Given records:

=== Begin Enclosure ===

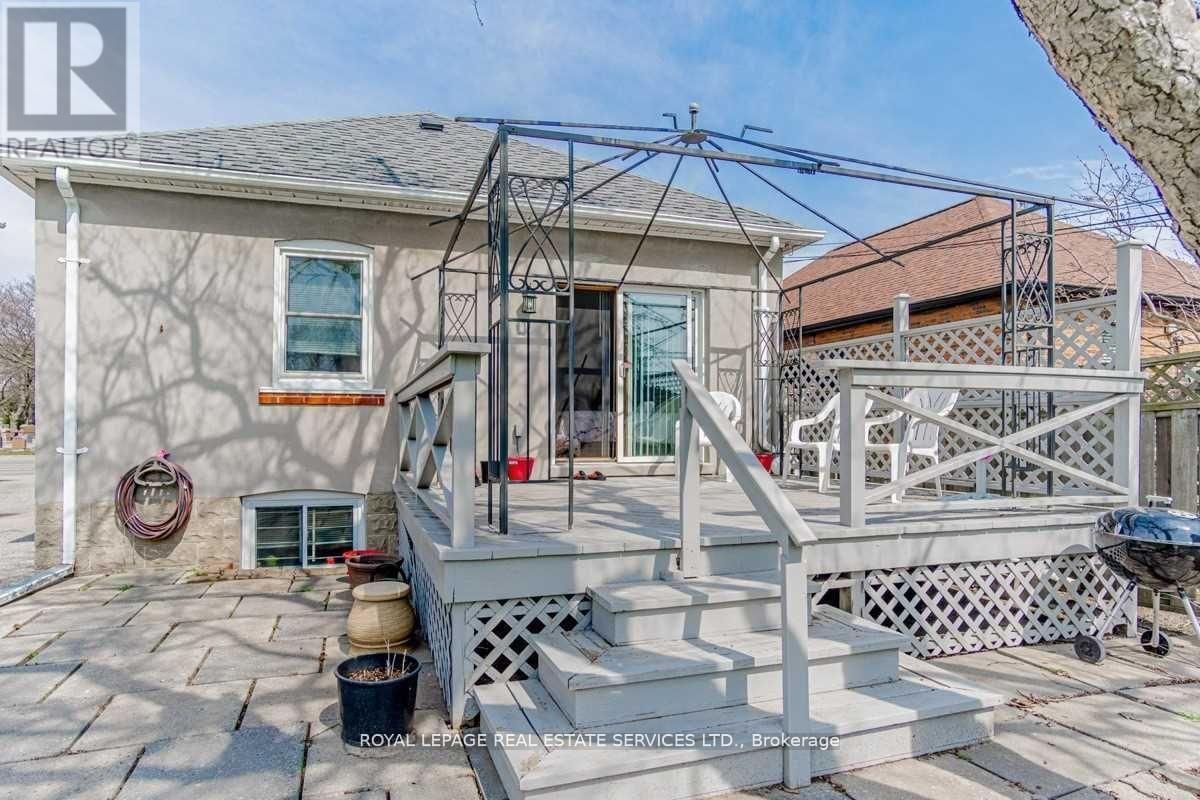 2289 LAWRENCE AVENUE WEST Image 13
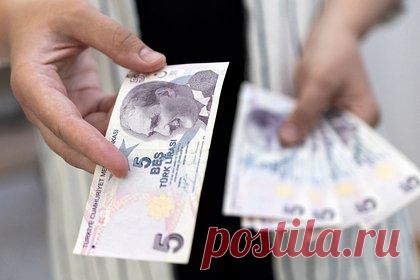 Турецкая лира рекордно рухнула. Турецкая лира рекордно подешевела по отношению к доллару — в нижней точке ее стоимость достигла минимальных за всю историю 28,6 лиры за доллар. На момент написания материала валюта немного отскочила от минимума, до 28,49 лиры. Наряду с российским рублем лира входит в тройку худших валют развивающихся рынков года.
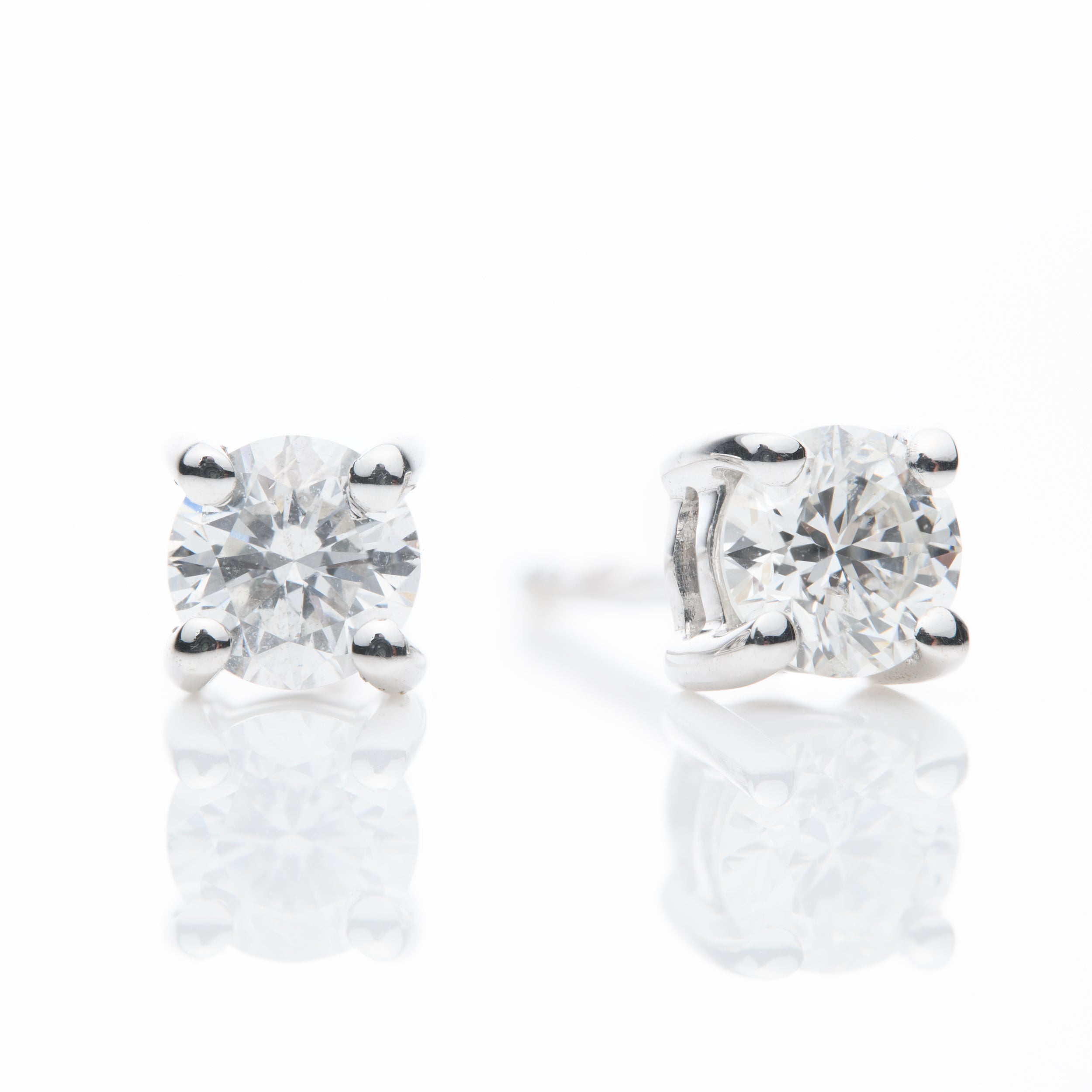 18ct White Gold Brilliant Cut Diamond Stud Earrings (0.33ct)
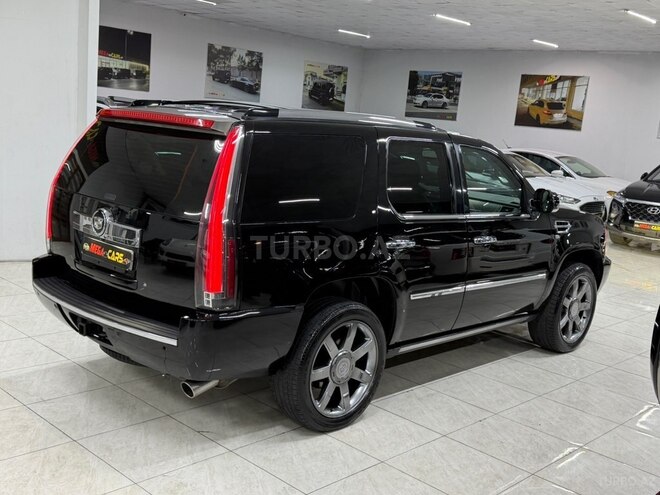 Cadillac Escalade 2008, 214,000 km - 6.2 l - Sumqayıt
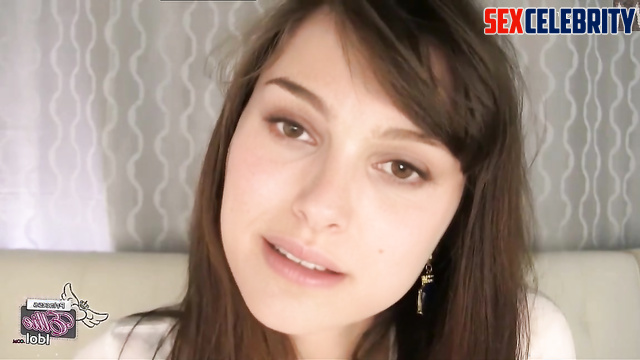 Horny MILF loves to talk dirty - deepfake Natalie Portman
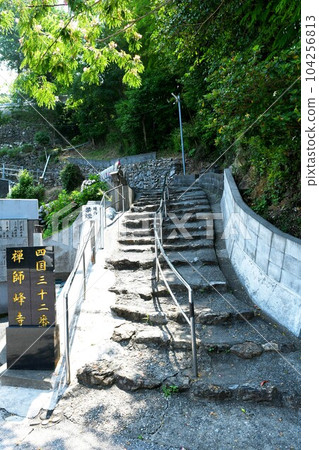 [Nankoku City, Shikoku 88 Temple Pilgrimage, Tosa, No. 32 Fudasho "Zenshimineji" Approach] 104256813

=== End Enclosure ===
=== Begin Enclosure ===

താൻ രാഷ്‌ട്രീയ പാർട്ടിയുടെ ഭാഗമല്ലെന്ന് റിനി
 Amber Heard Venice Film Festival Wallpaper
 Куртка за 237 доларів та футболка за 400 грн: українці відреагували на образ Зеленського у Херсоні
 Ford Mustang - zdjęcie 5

=== End Enclosure ===
=== Begin Enclosure ===

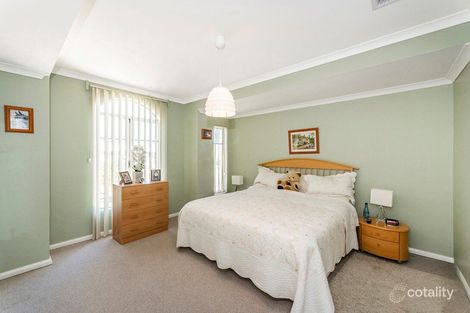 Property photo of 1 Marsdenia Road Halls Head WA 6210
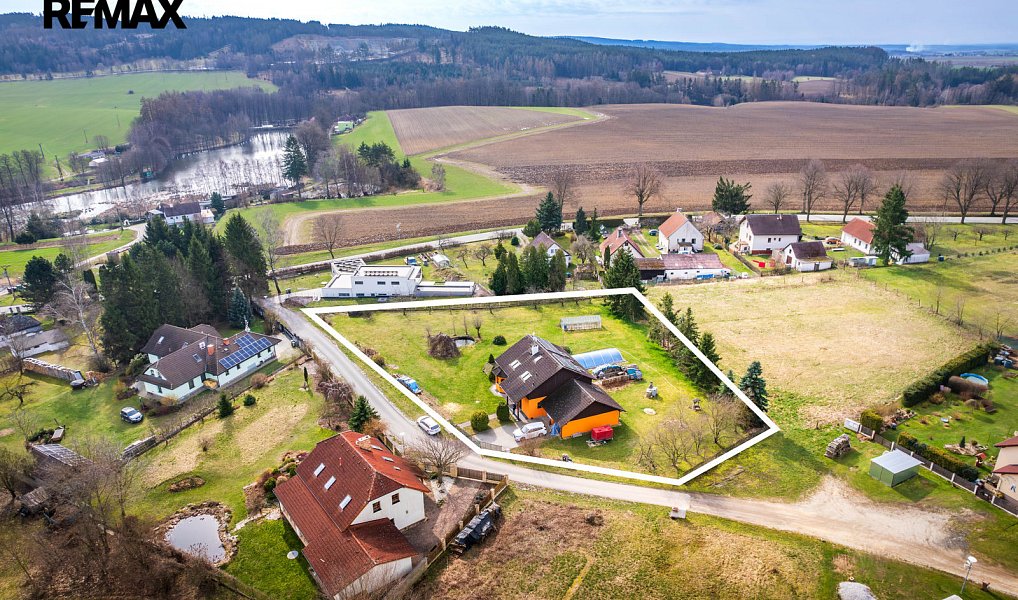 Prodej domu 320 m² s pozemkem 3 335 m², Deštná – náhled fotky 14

=== End Enclosure ===

Exercise directions: Give only the lines from the one holding "Amber Heard Venice Film Festival Wallpaper" through the one holding "Ford Mustang - zdjęcie 5", each restated exactly as it appears above.

Result of this task:
 Amber Heard Venice Film Festival Wallpaper
 Куртка за 237 доларів та футболка за 400 грн: українці відреагували на образ Зеленського у Херсоні
 Ford Mustang - zdjęcie 5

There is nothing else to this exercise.